▸ What you have to do
The records that follow must be repeated exactly, except for their pictures.

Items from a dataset

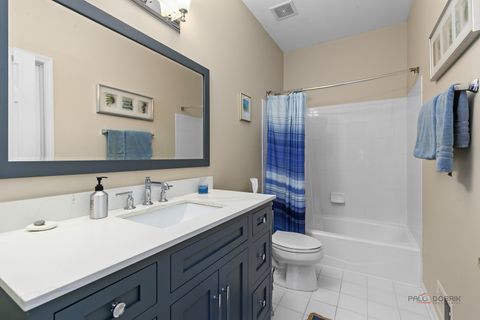 Tiny photo for 1316 Christine Court, Vernon Hills, IL 60061 (MLS # 12518470)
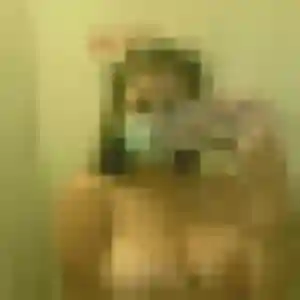 Anne-Laure, 44 ans, disponible à Saint-Martin-d'Écublei pour un rencontre cougar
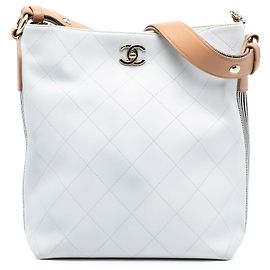 Bolsa Hobo Chanel Large em couro de bezerro costurado branco com botão Branco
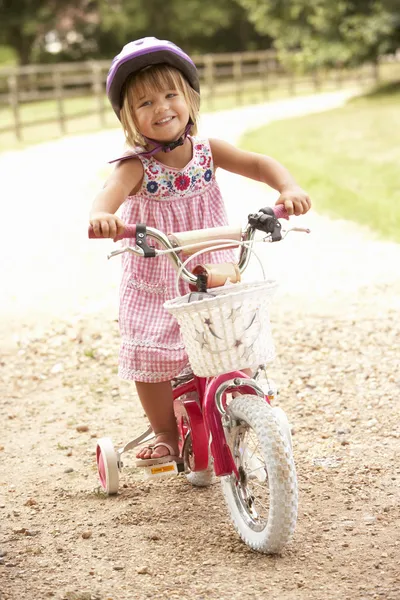 Девушка Учится Ездить Велосипеде Шлеме Безопасности — стоковое фото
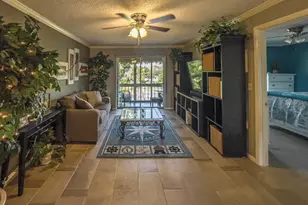 3766 Lake Bayshore Dr, Bradenton, FL 34205 - Photo 9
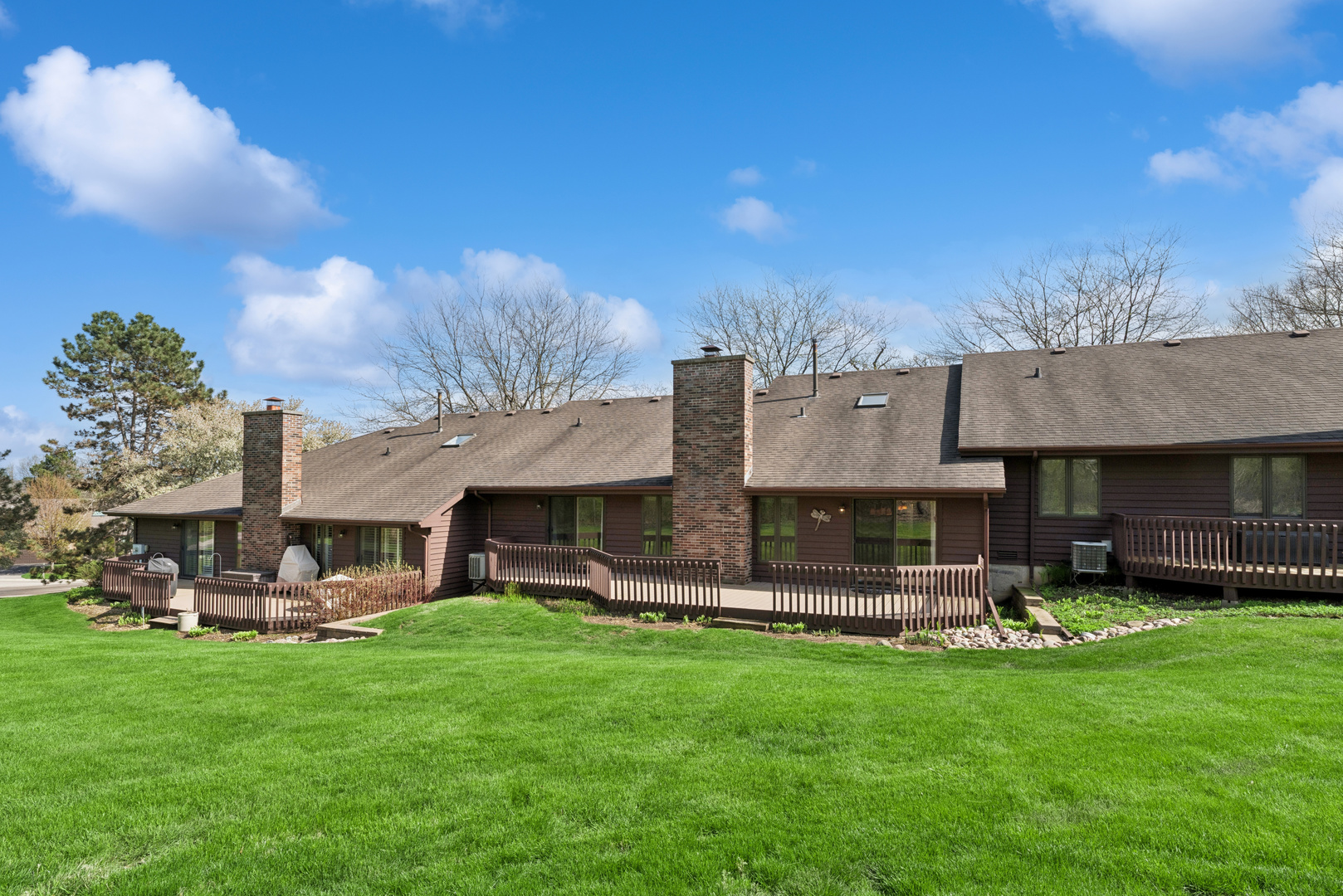 808 Kristin Court #808, Gurnee, IL 60031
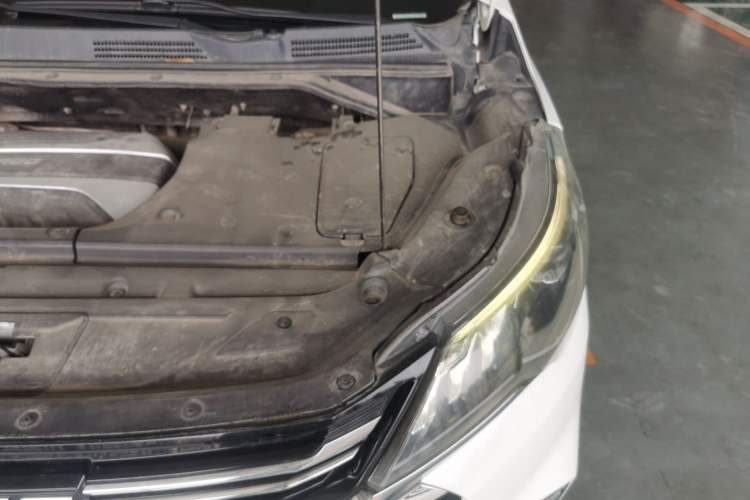 Used SAIC MAXUS G50 2019 1.5T Automatic Elite Edition China V Standard Engine Bay Left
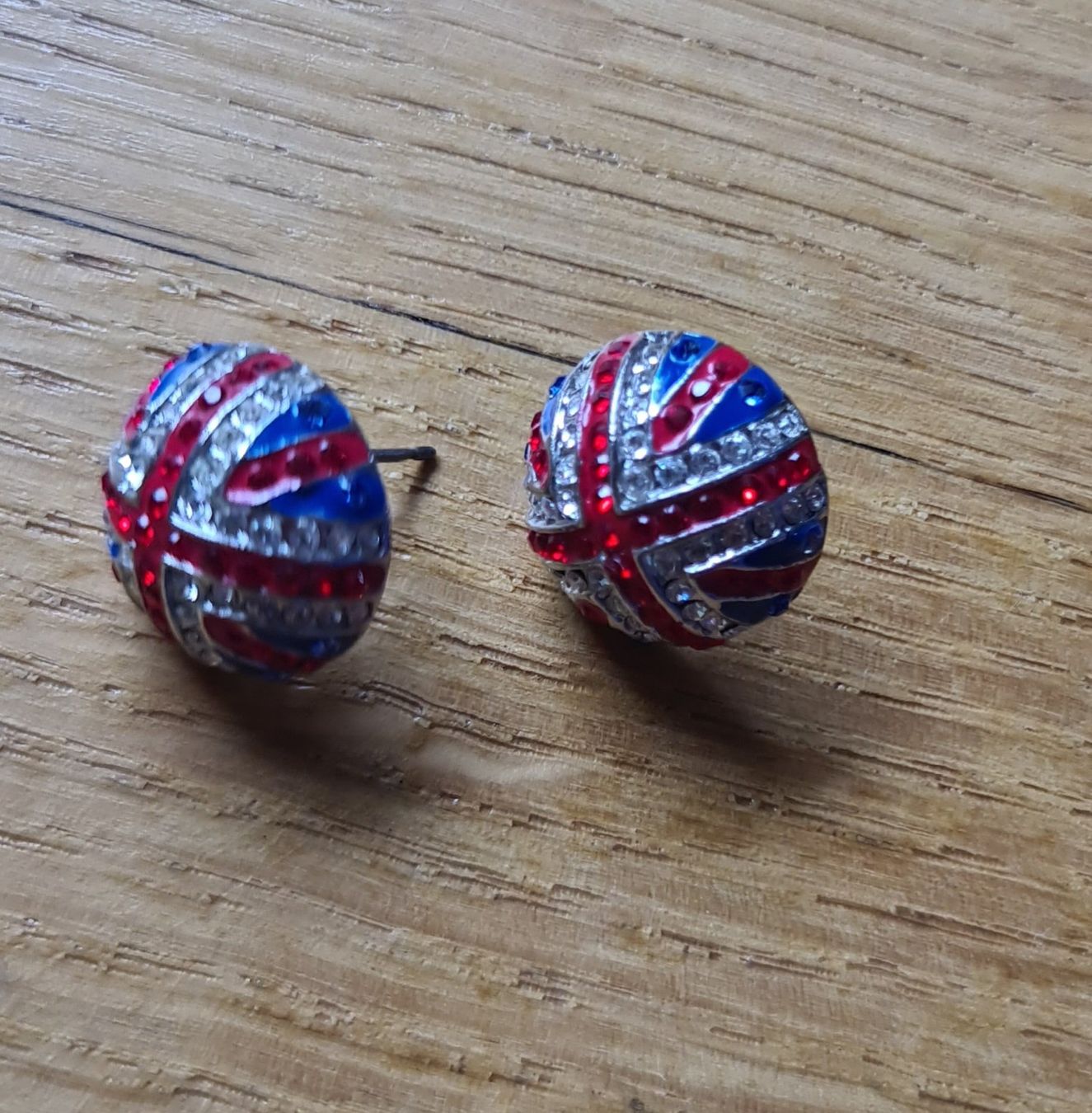 Orecchini pendenti & Orecchini a lobo: Boucles d'oreilles fantaisie – Usato da Genève venduto da Saleena 1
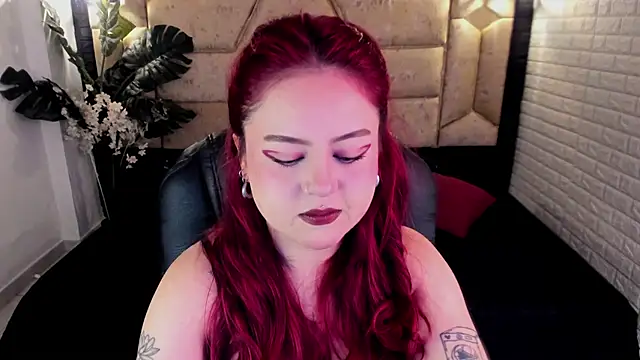 crimson tati  online show from 14, 4, 2026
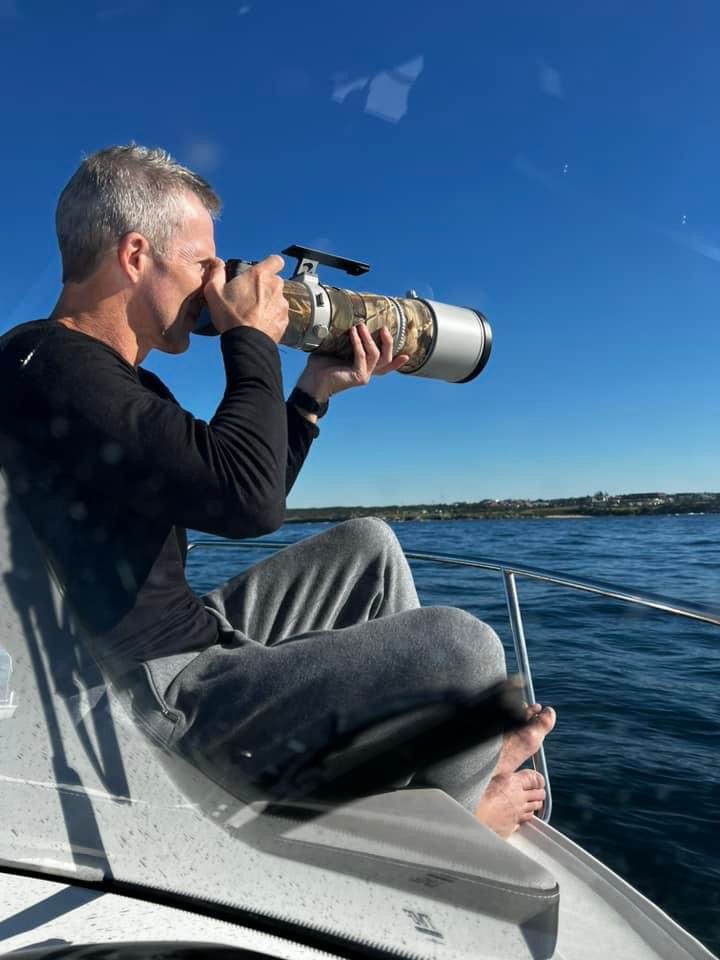 Capturing the whale migration with a telephoto lens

▸ Output for this exercise
 Tiny photo for 1316 Christine Court, Vernon Hills, IL 60061 (MLS # 12518470)
 Anne-Laure, 44 ans, disponible à Saint-Martin-d'Écublei pour un rencontre cougar
 Bolsa Hobo Chanel Large em couro de bezerro costurado branco com botão Branco
 Девушка Учится Ездить Велосипеде Шлеме Безопасности — стоковое фото
 3766 Lake Bayshore Dr, Bradenton, FL 34205 - Photo 9
 808 Kristin Court #808, Gurnee, IL 60031
 Used SAIC MAXUS G50 2019 1.5T Automatic Elite Edition China V Standard Engine Bay Left
 Orecchini pendenti & Orecchini a lobo: Boucles d'oreilles fantaisie – Usato da Genève venduto da Saleena 1
 crimson tati  online show from 14, 4, 2026
 Capturing the whale migration with a telephoto lens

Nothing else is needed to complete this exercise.